▶ **What is being asked**:
When you repeat the listing below, keep every word exactly and leave out each picture.

▶ **Stored data**:
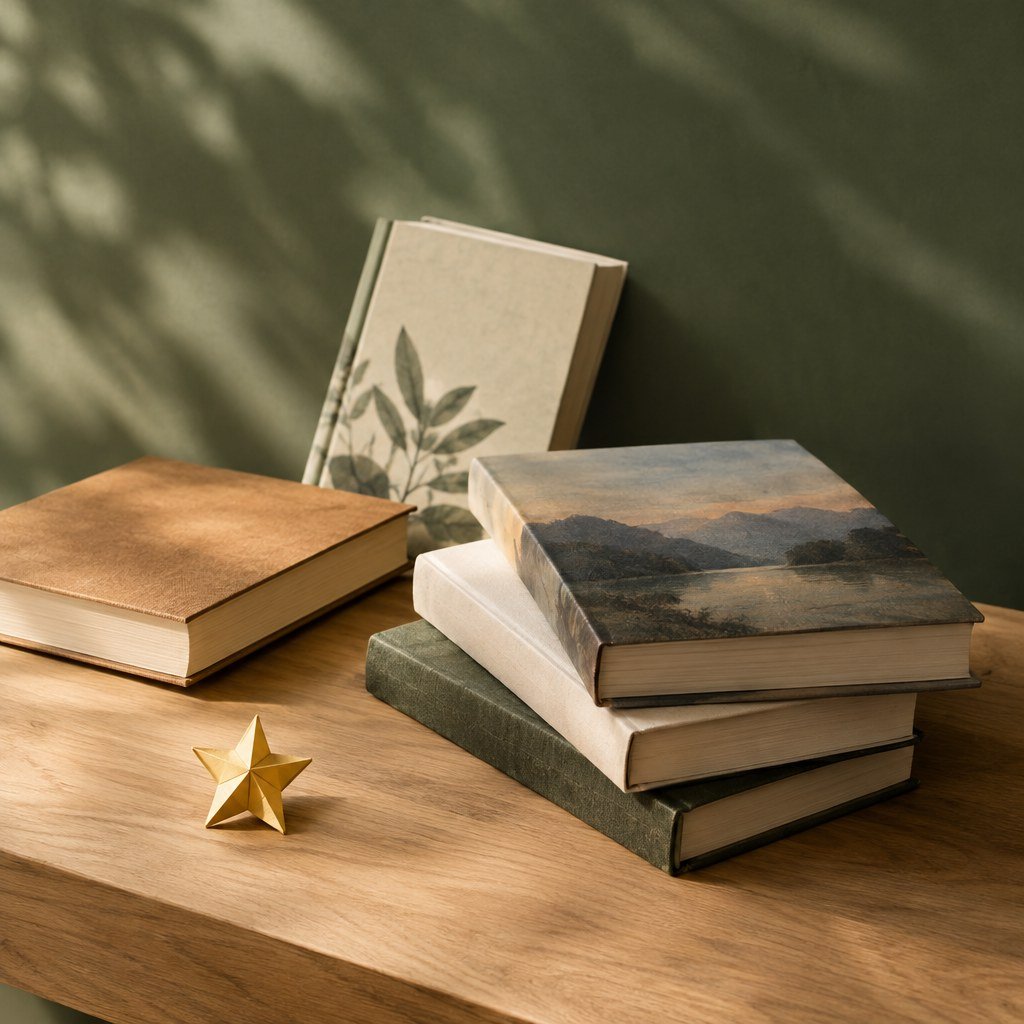 Libros y estrella de papel sobre una mesa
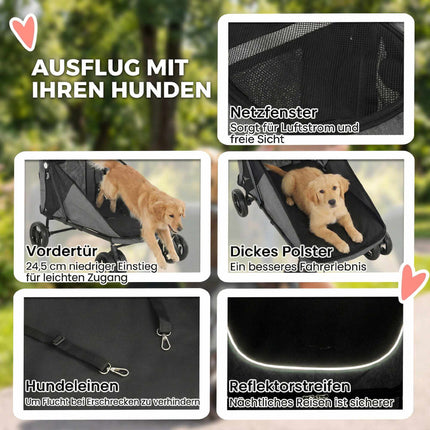 Foldable Dog Stroller for Large Dogs Up to 30kg, Grey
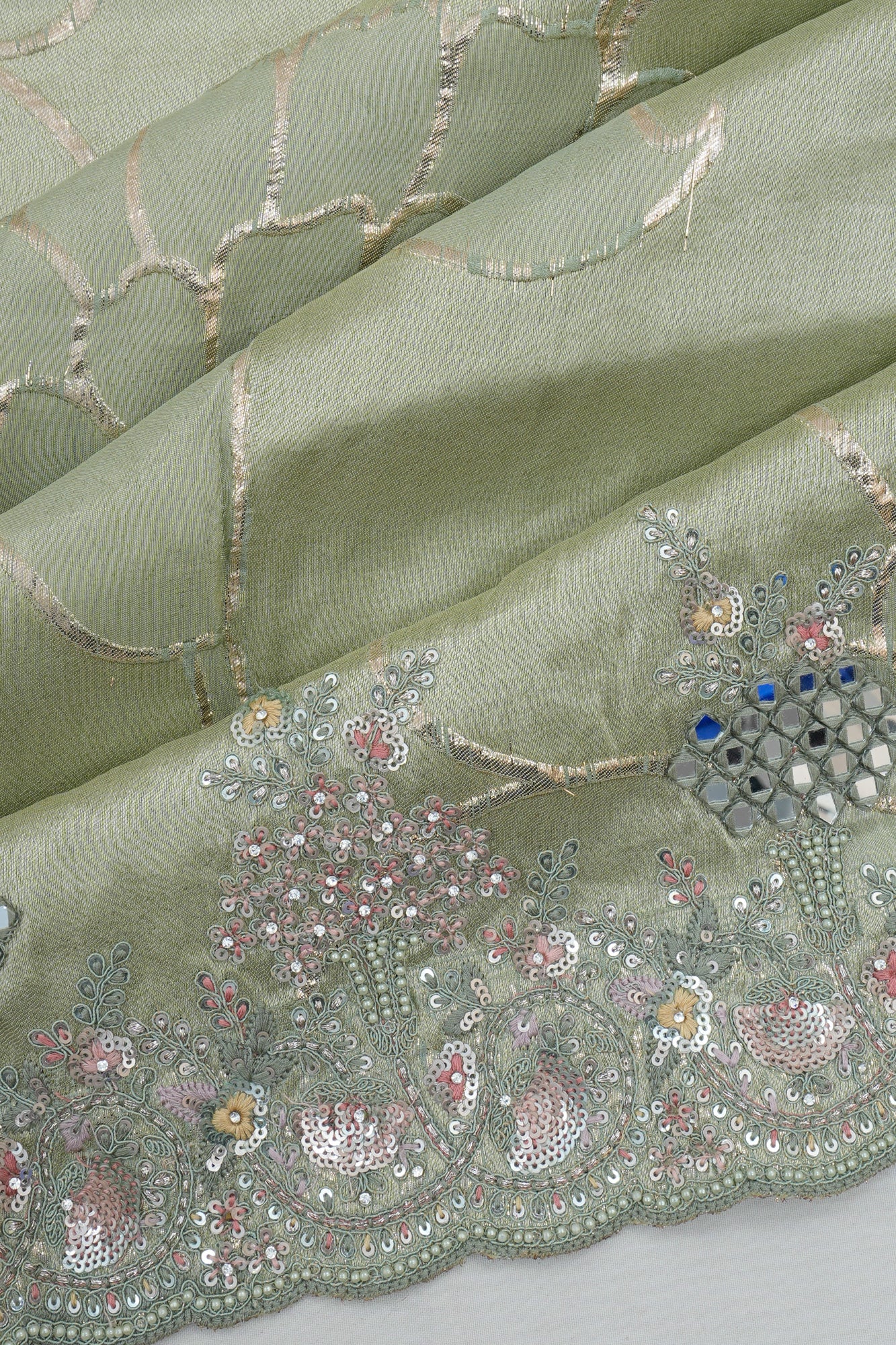 Banarasi Silk Brocade Green Saree With Embroidery Border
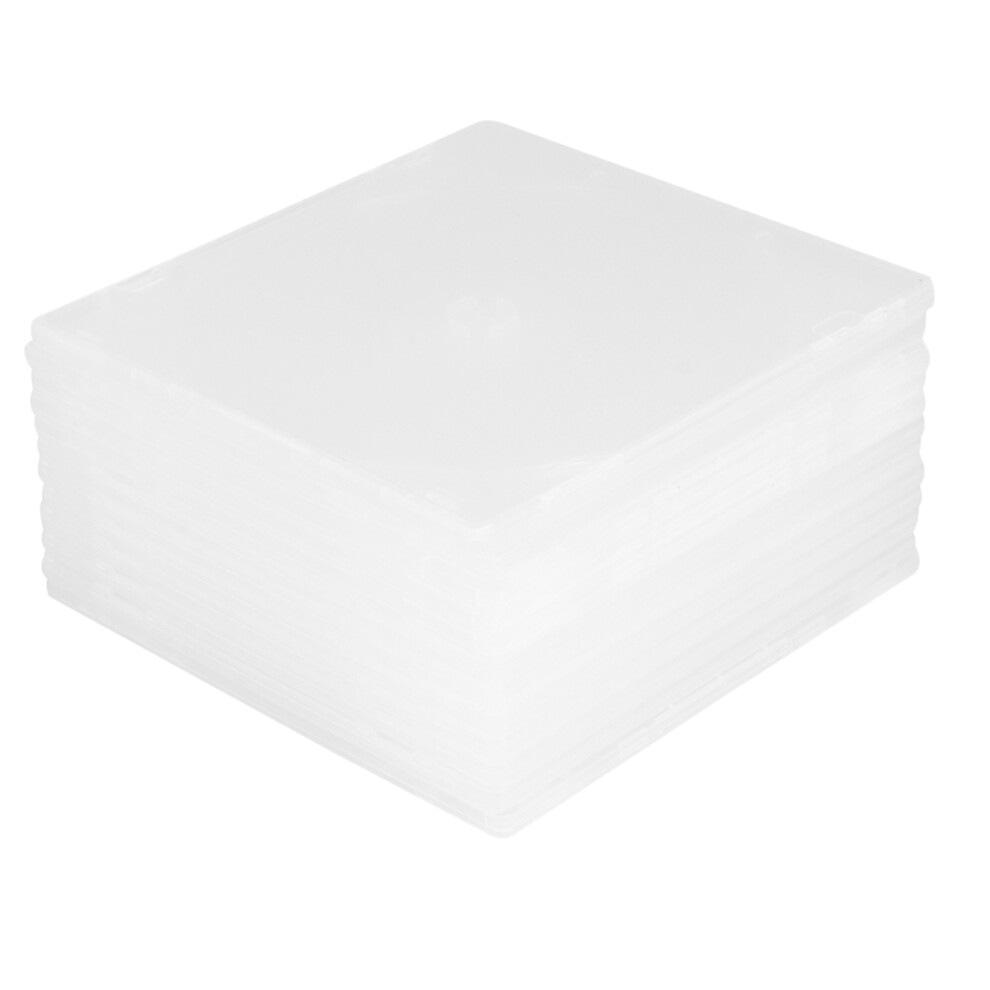 25 Pcs Cd Case Square Cd Package Plastic White-image-OPC-PK8J9M6-NEW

▶ **Answer area**:
 Libros y estrella de papel sobre una mesa
 Foldable Dog Stroller for Large Dogs Up to 30kg, Grey
 Banarasi Silk Brocade Green Saree With Embroidery Border
 25 Pcs Cd Case Square Cd Package Plastic White-image-OPC-PK8J9M6-NEW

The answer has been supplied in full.